Unas nubes grises en el cielo anunciaron el inevitable diluvio, que invadiría la ciudad entera. Salgo de la oficina más temprano que de lo normal, no vaya a ser que la lluvia me encarcele, o en el peor de los casos me moje (si tenía intenciones de ser poético, aquí eché por tierra toda gracia literaria). Tras cruzar el portón, las primeras gotas activan mi instinto animal: salir corriendo a velocidad demonio (para simplificar la frase: "como alma que lleva el diablo"). El autobus, marca vencida, modelo BlueBird, año 60, aparece cual refugio con comida, mi pasaje para no seguirme empapando, se cumplió.

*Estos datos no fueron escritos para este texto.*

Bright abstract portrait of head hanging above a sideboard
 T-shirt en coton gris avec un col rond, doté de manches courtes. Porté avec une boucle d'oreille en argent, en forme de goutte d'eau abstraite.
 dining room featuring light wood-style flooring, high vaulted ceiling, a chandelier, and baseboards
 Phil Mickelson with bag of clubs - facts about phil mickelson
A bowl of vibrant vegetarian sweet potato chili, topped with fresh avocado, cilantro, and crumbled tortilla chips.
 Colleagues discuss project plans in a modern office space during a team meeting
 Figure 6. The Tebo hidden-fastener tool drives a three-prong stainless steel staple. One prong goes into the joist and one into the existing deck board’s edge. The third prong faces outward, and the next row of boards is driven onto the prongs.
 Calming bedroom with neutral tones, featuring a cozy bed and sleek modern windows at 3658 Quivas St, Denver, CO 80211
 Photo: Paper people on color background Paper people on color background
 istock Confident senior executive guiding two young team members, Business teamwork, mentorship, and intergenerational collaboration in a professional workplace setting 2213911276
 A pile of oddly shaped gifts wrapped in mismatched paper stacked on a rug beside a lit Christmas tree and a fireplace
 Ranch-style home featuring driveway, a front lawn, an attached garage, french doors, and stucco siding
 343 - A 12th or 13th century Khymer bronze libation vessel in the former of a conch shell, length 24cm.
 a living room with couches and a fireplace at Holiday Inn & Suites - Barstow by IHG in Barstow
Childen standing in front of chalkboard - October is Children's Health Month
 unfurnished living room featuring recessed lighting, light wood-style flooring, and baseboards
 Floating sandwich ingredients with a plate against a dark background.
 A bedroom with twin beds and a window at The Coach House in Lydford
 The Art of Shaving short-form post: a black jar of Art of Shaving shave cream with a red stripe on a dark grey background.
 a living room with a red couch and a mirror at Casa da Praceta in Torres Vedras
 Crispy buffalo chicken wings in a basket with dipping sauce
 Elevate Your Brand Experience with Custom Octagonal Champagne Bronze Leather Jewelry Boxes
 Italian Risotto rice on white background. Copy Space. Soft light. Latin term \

Estando dentro del bus, inspecciono cuidadosamente, como siempre, signos anómalos que representen un potencial peligro de atraco. No lo hay. Empiezo a disfrutar del paisaje acortinado por el agua que desciende imparable, concentrándose hasta formar ríos en las calles y lagunas en los baches. Pasajeros desesperados, como cuando lo estaba yo, abordaban el autobús dando las gracias a Dios. Me inspiro en escribir estas líneas a mano, grafito y papel, ya que mi potecito aún no cumple la cuota para ser robado y prefiero no arriesgarme.
La lluvia ha mermado. Con suerte, llegaré a la parada con el cielo despejado. Luego vendrá el problema del transbordo, pero como se puede recorrer lo que falte de camino a pie, y aún está lejos la travesía, prefiero n pensar en ello y seguir disfrutando de alzar la mirada, contemplar la belleza, el aroma, la frescura del momento, con el cual escribo estas lineas.
Al momento de publicar esto, pasaron cinco días. Aún recuerdo la sensación de cuando escribí estas líneas, al vaiven del autobús. Ojalá el clima fuera así todos los días, aunque pedir eso, para una ciudad que no está ni física ni mentalmente para eso, sería asesinarla.